*** RECORD EXTRACTS Section Begins ***

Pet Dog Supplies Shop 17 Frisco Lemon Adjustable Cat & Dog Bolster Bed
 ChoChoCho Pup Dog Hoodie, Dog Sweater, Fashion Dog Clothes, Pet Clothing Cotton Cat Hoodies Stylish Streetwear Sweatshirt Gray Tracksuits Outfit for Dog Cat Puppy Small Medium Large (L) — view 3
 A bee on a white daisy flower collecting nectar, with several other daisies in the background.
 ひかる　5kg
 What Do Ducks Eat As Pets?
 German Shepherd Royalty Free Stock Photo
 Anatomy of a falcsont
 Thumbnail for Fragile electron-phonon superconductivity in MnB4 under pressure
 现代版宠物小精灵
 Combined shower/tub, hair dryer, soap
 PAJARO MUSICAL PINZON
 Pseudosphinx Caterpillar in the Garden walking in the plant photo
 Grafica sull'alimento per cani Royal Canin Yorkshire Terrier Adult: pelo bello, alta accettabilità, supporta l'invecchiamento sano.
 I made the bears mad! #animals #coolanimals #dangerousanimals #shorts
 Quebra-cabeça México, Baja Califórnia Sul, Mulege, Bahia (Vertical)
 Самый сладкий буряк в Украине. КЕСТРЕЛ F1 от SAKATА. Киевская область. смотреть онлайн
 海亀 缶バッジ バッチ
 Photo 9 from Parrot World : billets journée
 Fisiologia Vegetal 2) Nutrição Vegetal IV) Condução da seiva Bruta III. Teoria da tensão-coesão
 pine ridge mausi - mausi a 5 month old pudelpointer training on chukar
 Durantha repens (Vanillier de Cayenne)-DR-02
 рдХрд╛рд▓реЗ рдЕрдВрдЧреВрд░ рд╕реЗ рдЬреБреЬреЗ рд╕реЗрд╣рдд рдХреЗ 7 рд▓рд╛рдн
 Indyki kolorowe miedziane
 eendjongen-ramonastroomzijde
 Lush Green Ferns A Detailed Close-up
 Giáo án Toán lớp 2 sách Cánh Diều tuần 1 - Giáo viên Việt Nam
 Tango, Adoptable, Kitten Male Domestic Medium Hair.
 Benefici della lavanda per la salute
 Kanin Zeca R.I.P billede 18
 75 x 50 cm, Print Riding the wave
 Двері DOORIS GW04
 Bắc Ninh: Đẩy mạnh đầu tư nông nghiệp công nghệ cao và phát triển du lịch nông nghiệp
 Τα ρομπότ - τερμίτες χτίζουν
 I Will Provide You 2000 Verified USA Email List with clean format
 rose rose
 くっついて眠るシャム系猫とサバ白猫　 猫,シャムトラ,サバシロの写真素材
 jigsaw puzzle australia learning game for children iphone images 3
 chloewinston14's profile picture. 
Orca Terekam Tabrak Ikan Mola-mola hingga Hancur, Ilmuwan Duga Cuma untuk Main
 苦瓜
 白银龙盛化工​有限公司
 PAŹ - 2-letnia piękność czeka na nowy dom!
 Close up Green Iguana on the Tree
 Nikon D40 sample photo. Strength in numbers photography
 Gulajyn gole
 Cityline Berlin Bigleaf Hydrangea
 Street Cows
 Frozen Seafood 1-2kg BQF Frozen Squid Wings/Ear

*** RECORD EXTRACTS Section Ends ***

* [HOW TO COMPLETE THIS TASK]:
From the data above, return every line from the line that has "pine ridge mausi" up to and including the line that has "Kanin Zeca R.I.P billede 18", exactly.

* [REPLY]:
 pine ridge mausi - mausi a 5 month old pudelpointer training on chukar
 Durantha repens (Vanillier de Cayenne)-DR-02
 рдХрд╛рд▓реЗ рдЕрдВрдЧреВрд░ рд╕реЗ рдЬреБреЬреЗ рд╕реЗрд╣рдд рдХреЗ 7 рд▓рд╛рдн
 Indyki kolorowe miedziane
 eendjongen-ramonastroomzijde
 Lush Green Ferns A Detailed Close-up
 Giáo án Toán lớp 2 sách Cánh Diều tuần 1 - Giáo viên Việt Nam
 Tango, Adoptable, Kitten Male Domestic Medium Hair.
 Benefici della lavanda per la salute
 Kanin Zeca R.I.P billede 18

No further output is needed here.